Wow, you guys are great. 
Between Jack, Ethan, Bruce, and Bryan I feel all warm and fuzzy inside.
Bryan, The OB's are sounding better than the last time you heard them. 

Thanks guys!
Bob


----------



## basementjack (Sep 18, 2006)

Hey Bob, I looked at those pictures, and just based on experience it looks like you should have a pretty decent sounding room on your hands.

I agree with ethan, in that an acoustic model of your room won't reveal as much as an actual measurement, and I think for some reason when we started this discussion I must have been thinking this was an unfinished space.

rew is not too hard to use, especially with the latest version...
I'm sure once you see Bryan use it- you'll be able to pick up on it.

Not sure if Bryan has demo panels lying around- but it would sure be cool to be able to measure your room before and after treatment - even he takes the panels home with him.

as far as purchasing - REW is free, but you do need a sound card and a microphone.

Your soundcard needs a line in.
if you have a radioshack SPL meter, you can use it as the mic.

So you may already have everything you need...


----------



## Bob in St. Louis (Oct 21, 2006)

Thanks for the complement Jack. Being a sonic "no-nothing", I tried to build the room (ceiling mainly) with sound waves in mind. Kind of like, "If I was a wave, how would I react to this ceiling?" That's why it's so oddly shaped with all the angles. I tried to break it up as much as possible.

I've got a digital RS SPL meter. Also the receiver I've got came with it's own mic too (with a VERY long cord:bigsmile: ), that plugs into the face of the receiver for doing it's own version of "Auto EQ"/In-Room-Measurements". Someone told me that it wasn't designed/programmed for dipole bass, and that maybe throwing it off....:dontknow: 
I'll have to check my soundcard for an input. I would think any modern PC would have a mic input because of the voice "stuff" you can do with various software nowadays. The PC came with a voice mic, I've just never had a need for it. I would think it was designed to plug into the sound card, but I'm not sure.
(And no.... I'm not thinking of using the PC's factory mic to do room measurements):rofl: 

Bob


----------



## Ethan Winer (Jul 21, 2006)

Bob,

> "Now what". Do I buy a BFD and adjust the drivers, or do I treat the room. <

Treat the room! EQ is a last resort, used only if you've put in as much treatment as you can stand to look at and you still have a problem. A problem that EQ can help with, that is. EQ will not help with early reflections, nor above the subwoofer range.

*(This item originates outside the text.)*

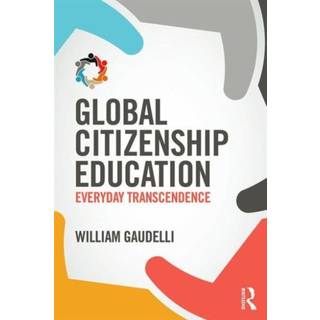Global Citizenship Education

> Between Jack, Ethan, Bruce, and Bryan I feel all warm and fuzzy inside. <

Yeah, well just wait until you receive our bill. :jump:

I kid!

--Ethan


----------



## Bob in St. Louis (Oct 21, 2006)

> Treat the room! EQ is a last resort, used only if you've put in as much treatment as you can stand to look at and you still have a problem. A problem that EQ can help with, that is. EQ will not help with early reflections, nor above the subwoofer range.

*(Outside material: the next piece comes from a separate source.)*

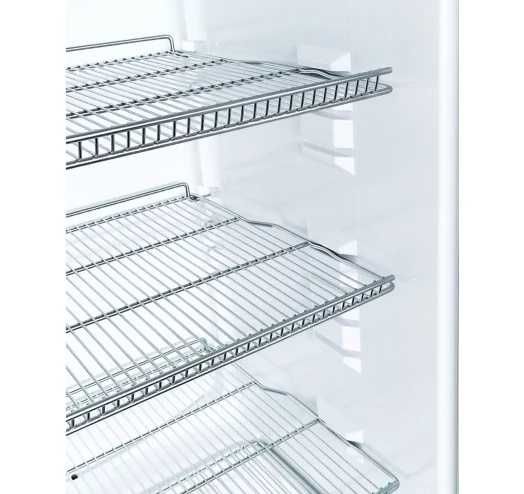 Продам новий холодильник Snaige CC29SM-T100 (не розпакований)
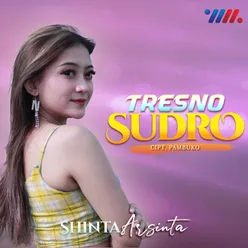 Tresno Sudro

Good points Ethan. I understand.



> Between Jack, Ethan, Bruce, and Bryan I feel all warm and fuzzy inside.
> Yeah, well just wait until you receive our bill. :jump:
> 
> I kid!


It's ok guys, no problem at all. I'm indepenantly wealthy. :spend: 

I kid too!

Bob :bigsmile:


----------



## Bob in St. Louis (Oct 21, 2006)

How about killing three of four birds with one stone?
I've been kicking around this idea for a few months:

http://www.audiocircle.com/circles/index.php?topic=37252.0
Regarding the Thuneau software. 

Very quick overview, it's a PC based software that measures FR of the entire systems output (room included) and you can adjust XO, phase, and EQ _ON THE FLY_. Literally.

Any thoughts?

Bob


----------



## bpape (Sep 14, 2006)

It'd be great - if you don't mind running all your signal through a PC. 

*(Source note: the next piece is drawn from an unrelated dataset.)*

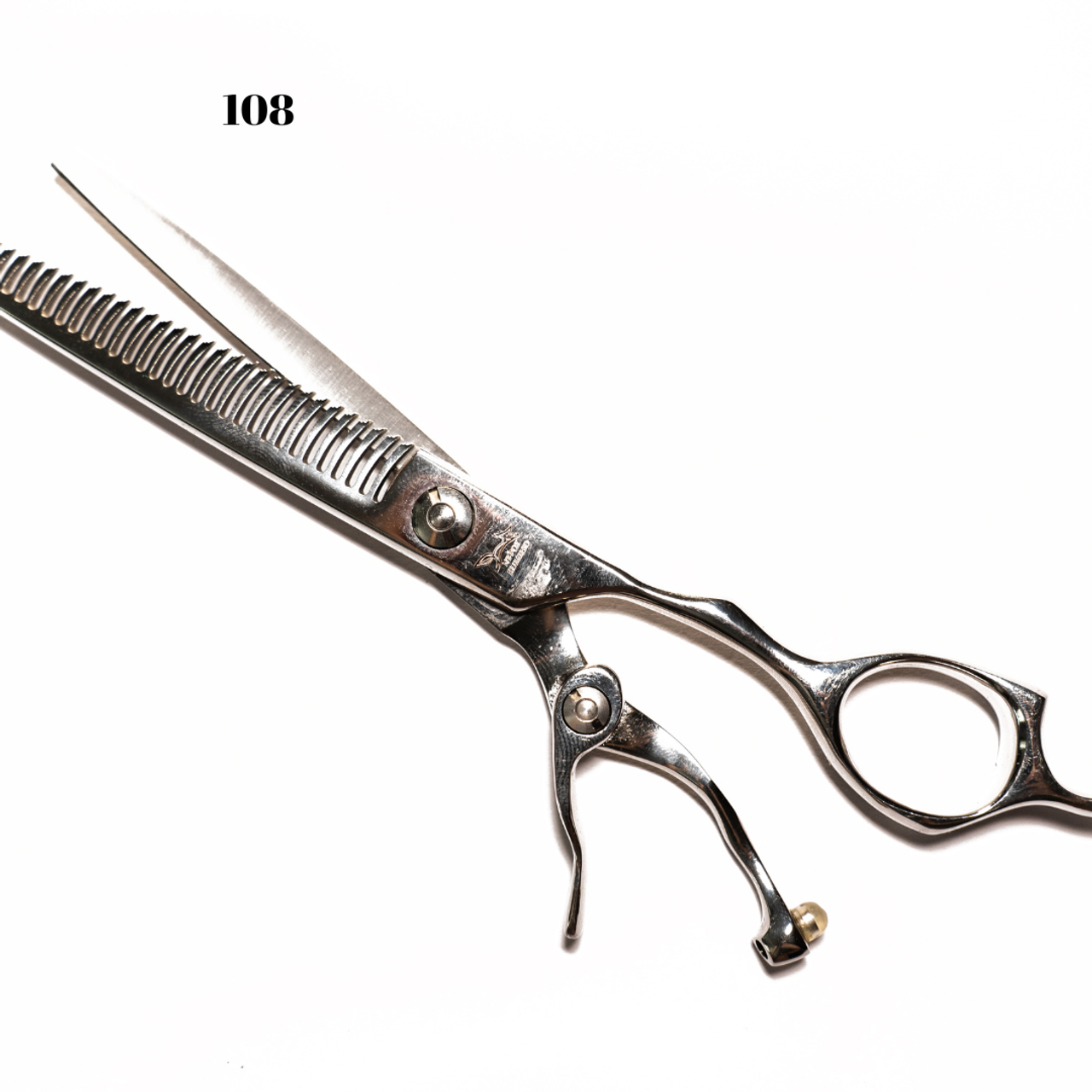 Kataloog. Tööriistade teritamise ja restaureerimise meister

If you're running a SB for your source, there are Room EQ plugins that work with it on the Slim Devices SB forums. For other sources, I wouldn't run them back into a PC. A BFD just for the sub would be a much more friendly solution.

Bryan


----------



## Bob in St. Louis (Oct 21, 2006)

Hmm, decisions, decision, decisions....

Bryan, I'm not using a SB. Presently running MS MSE to the XBox360 as the 'extender'. Works pretty well.
I've thought about putting the PC in the rack system with the rest of the equipment in the hope that someday it'll be a HTPC. I was thinking this would be a step in the right direction. Although I'm unfamiliar with the capabilities of a SB (and the full capabilities of the Thuneau software for that matter) they both look pretty sharp to me.
As a newb to the whole FR/XO thing, I figure if I had the ability to quickly "undo" any wierd adjustment/settings I may have done, I'd be able to tweek easier and faster.:dontknow: 

Bob


----------



## Ethan Winer (Jul 21, 2006)

Bob,

> Very quick overview, it's a PC based software that measures FR of the entire systems output (room included) and you can adjust XO, phase, and EQ _ON THE FLY_. Literally. <

I looked at that site and I couldn't figure out what the point is supposed to be. Why would I want to adjust any of that at all, let alone in real time?

--Ethan


----------



## Bob in St. Louis (Oct 21, 2006)

Ethan Winer said:


> I looked at that site and I couldn't figure out what the point is supposed to be. Why would I want to adjust any of that at all, let alone in real time?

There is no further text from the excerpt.